Article Preview
TopIntroduction
Chronic Obstructive Pulmonary Disease (COPD) is characterised by airflow limitation, which is not fully reversible. The causes are largely attributed to inhaling tobacco smoke, occupational exposure to dust and chemicals, and indoor and outdoor pollution (Rabe et al., 2007). COPD is a major public health problem and is the only one of the top five causes of death in the first world that is still rising. It is predicted to become the third leading cause of death by 2030, according to a study published by the World Bank/World Health Organization (WHO, 2008), and accounts for much chronic illness and morbidity. Yet, the Global initiative Obstructive Lung Disease (GOLD) report by Rabe et al., (2007) admits that COPD remains relatively unknown or ignored by the public as well as public health and government officials.
The current diagnosis of COPD is based on reported symptoms, patient’s medical history (particularly exposure to risk factors), clinical examination, and then confirming lung air-flow obstruction (spirometry) where Forced Expiratory Volume in 1 second (FEV1) divided by Forced Vital Capacity is less than 0.80 and FEV1 predicted is less than 0.7 . (Rabe et al., 2007)
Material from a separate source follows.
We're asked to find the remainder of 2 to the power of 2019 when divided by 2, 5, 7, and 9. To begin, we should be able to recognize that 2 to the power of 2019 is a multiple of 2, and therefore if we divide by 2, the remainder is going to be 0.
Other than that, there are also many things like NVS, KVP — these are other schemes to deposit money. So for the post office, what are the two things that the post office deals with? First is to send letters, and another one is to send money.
Developing accurate and reliable automatic tests for early diagnosis of COPD is crucial for disease management as removing risk factors and early inhaled treatments has been shown to prevent progression, chronic ill health and premature death. (Rabe et al., 2007). The current main test, spirometry, is effort dependent and often performed poorly. It can lead to over diagnosis in the young and underdiagnosis in the elderly. Moreover, it has not been validated in ethnic minorities. (Rabe, 2007). The quest for a reliable biomarker in COPD is ongoing.
The smell of breath has long been linked with illness or physical conditions. Can volatile organic compounds (VOCs), measured from the exhaled breath, be used to identify COPD? Following on from Pauling's (1971) initial description of around 200 volatile organic compounds (VOCs) in exhaled breath, the trapping, detection and analysis of breath VOCs have been further developed. VOC analysis has been used to distinguish smokers from non-smokers (van Berkel et al., 2008), recognition of asthma (Ibrahim et al., 2011; Fens et al., 2009), lung cancer (Ulanowska et al., 2011; Machado et al., 2005; Philips et al., 2003; Bajtarevic et al., 2010, Barkar 2006) and tuberculosis (Phillips et al., 2007). Diagnosis of COPD from VOCs has also been attempted (Basanta et al., 2010, Fend et al., 2009, Van Berkel et al., 2010, Philips et al., 2012).
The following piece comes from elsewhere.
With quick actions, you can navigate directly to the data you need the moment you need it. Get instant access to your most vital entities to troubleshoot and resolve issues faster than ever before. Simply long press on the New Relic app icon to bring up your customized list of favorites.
Here we study the diagnostic potential of the chemical signature of the exhaled breath for distinguishing between patients with COPD and healthy controls. We apply a large collection of state-of-the-art classification methods developed within the areas of pattern recognition, machine learning and data mining, with a special focus on classifier ensembles. We applied these methods to the largest data set so far derived from our previous work (Philips et al., 2012). We demonstrate that the ensemble methods are superior to the individual classifier methods, resulting in better classification accuracy, F measure and the area under the ROC curve (AUC).